In the end they gave it up and went swimming, reluctantly deciding that if Naomi could not remember the place they would have to swallow their pride and go and ask Graham if he could. They did not want to do this.
‘I told you we’d lose it,’ said Rachel.
‘You didn’t.’
‘Well, I knew we would anyway.’
‘Well, why didn’t you say so?’ demanded Ruth. ‘We could have put a mark or something.

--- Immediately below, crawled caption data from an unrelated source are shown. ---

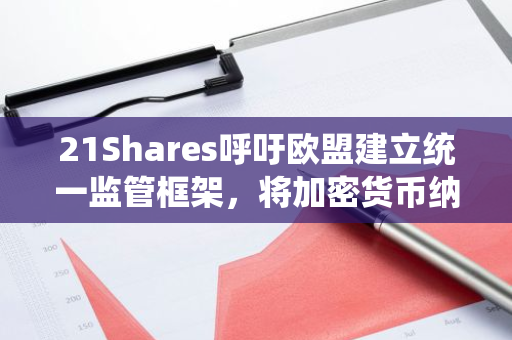 21Shares呼吁欧盟建立统一监管框架，将加密货币纳入投资产品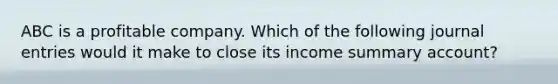 ABC is a profitable company. Which of the following journal entries would it make to close its income summary account?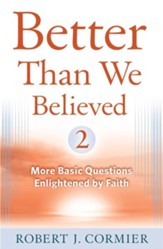Better Than We Believed 2: More Basic Questions Enlightened by Faith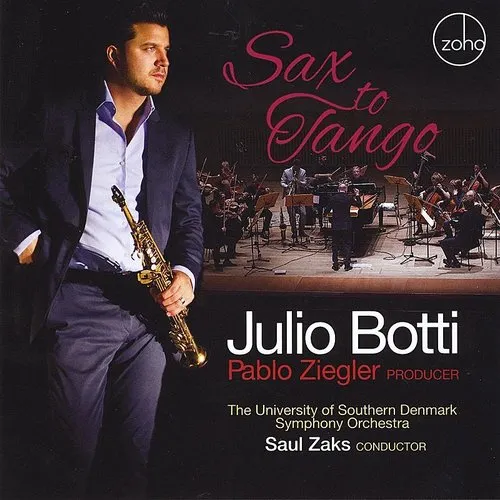 Julio Botti / Ziegler,Pablo - Sax To Tango vinyl record cover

What’s the good of saying you knew we’d lose it when it’s lost?’
‘Naomi will know where it is,’ said Phoebe hopefully. ‘She chose the place to dig. Let’s go home and get her.’
Naomi was still gardening, planting out the remains of the lettuces.
‘They don’t look like lettuces to me,’ commented Ruth. ‘I bet they’re weeds and it’s one of Big Grandma’s jokes. Why are you doing it anyway?’
‘Because I want to,’ Naomi answered. ‘Look where you’re treading! You’ve squashed that one flat already.’
‘It’s only bent. I just knocked it. Stop digging for a minute, I want to talk to you.’
‘You wouldn’t like it if someone trod on you and then said you were only bent!’
‘I wouldn’t care. Listen. Do you remember where we buried that stuff yesterday?’
‘Of course I do. Anyway, we left that handle sticking up.’
‘It’s not sticking up now,’ said Ruth sadly. ‘We’ve looked everywhere.’
‘Big Grandma says it’s dinner time,’ shouted Rachel, running down the garden path to find them. ‘And that boy Graham’s come and Big Grandma asked him to stay and he’s telephoned his mum and she says he can and I can’t stop Phoebe being awful to him and I thought you said we’d got to be nice because of his books!’
Ruth and Naomi, immediately grasping the seriousness of the situation, hurried to the rescue and found Graham laying the table in the kitchen as if he had lived there all his life. He took no notice of Phoebe, who was pulling her face into a pig-like expression, and making grunting sounds. Ruth and Naomi looked at each other and then at Phoebe, and the next thing she knew she was lying on the living room floor, gagged with a tea towel.